This shift is often described as part of the broader narrative turn in career development. Narrative career counseling uses stories, life themes, meaning-making, and identity construction as central elements of career counseling. Narrative approaches do not necessarily reject assessment, information, or decision-making, but they treat these as part of a broader process of reflection, meaning-making, and future authorship.

== Aims and activities ==

Career counseling may include a range of activities depending on the client, setting, practitioner training, and cultural context. Common aims include helping people to:

- explore interests, values, skills, identities, and preferred futures;
- understand educational, occupational, and labour-market options;
- make or revise career decisions;
- manage transitions between school, education, training, work, unemployment, retirement, or migration;
- address career indecision, dissatisfaction, redundancy, workplace conflict, or barriers to participation;
- develop employability, job-search, and career management skills;
- connect personal goals with broader life roles, relationships, responsibilities, and contexts.

Career counseling may include information giving, assessment, counselling conversations, reflective exercises, action planning, advocacy, referral, and support for job search or educational planning.

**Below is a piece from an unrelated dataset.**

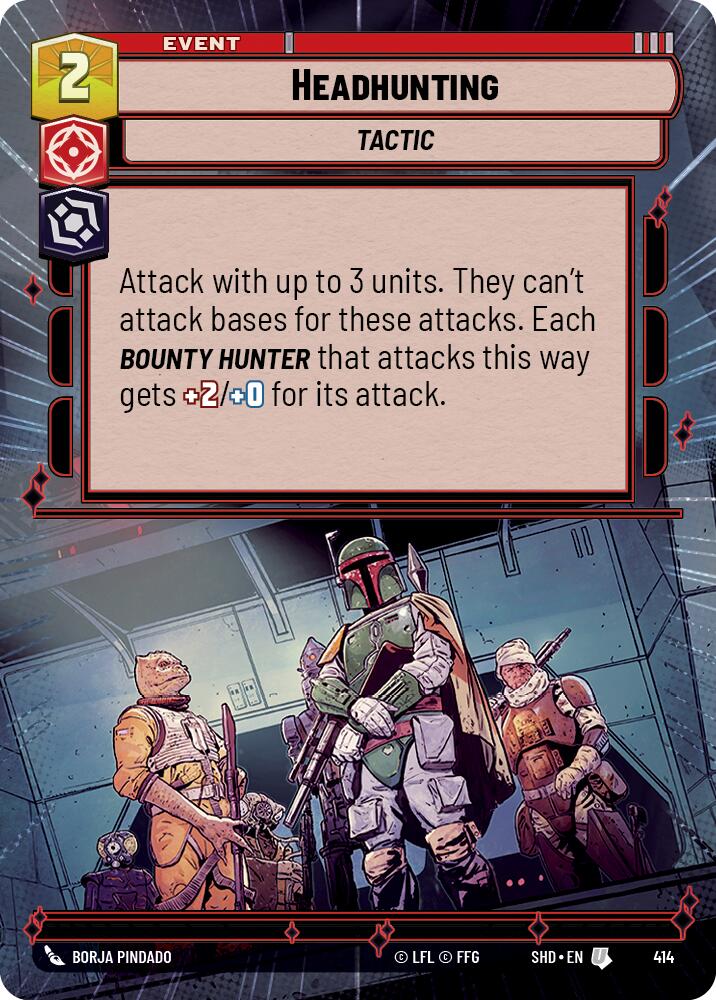 Star Wars: Unlimited: Headhunting (Hyperspace) card image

Career counselors support training participation by helping older workers rebuild confidence in their ability to learn. Workers learning self-efficacy influenced their training goals indirectly through expectations that training improves the chances of reemployment. Older workers enter training when they believe they can succeed in the program and see how the training leads to employment. Some approaches are brief and decision-focused, while others involve more extended counselling that attends to identity, life stories, social context, and change. Career counseling that includes emotional support addresses non-monetary effects of job loss and job search that impact identity, confience, and mental health.

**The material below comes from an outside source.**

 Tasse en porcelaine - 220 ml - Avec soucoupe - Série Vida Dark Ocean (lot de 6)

Retirement is now often seen as another part of career development. Many older adults still work in part-time jobs, or choose to retire later making career choices as they get older. They may need to adjust to changes in their health, money needs, life roles, or unexpected job changes. The need for career counseling's availability exists at the start of a career and throughout the course of the career.

== Theoretical approaches ==

=== Trait-and-factor and person–environment fit theories ===

Trait-and-factor and person–environment fit approaches focus on the relationship between personal characteristics and occupational environments. These approaches have strongly influenced career assessment and occupational choice.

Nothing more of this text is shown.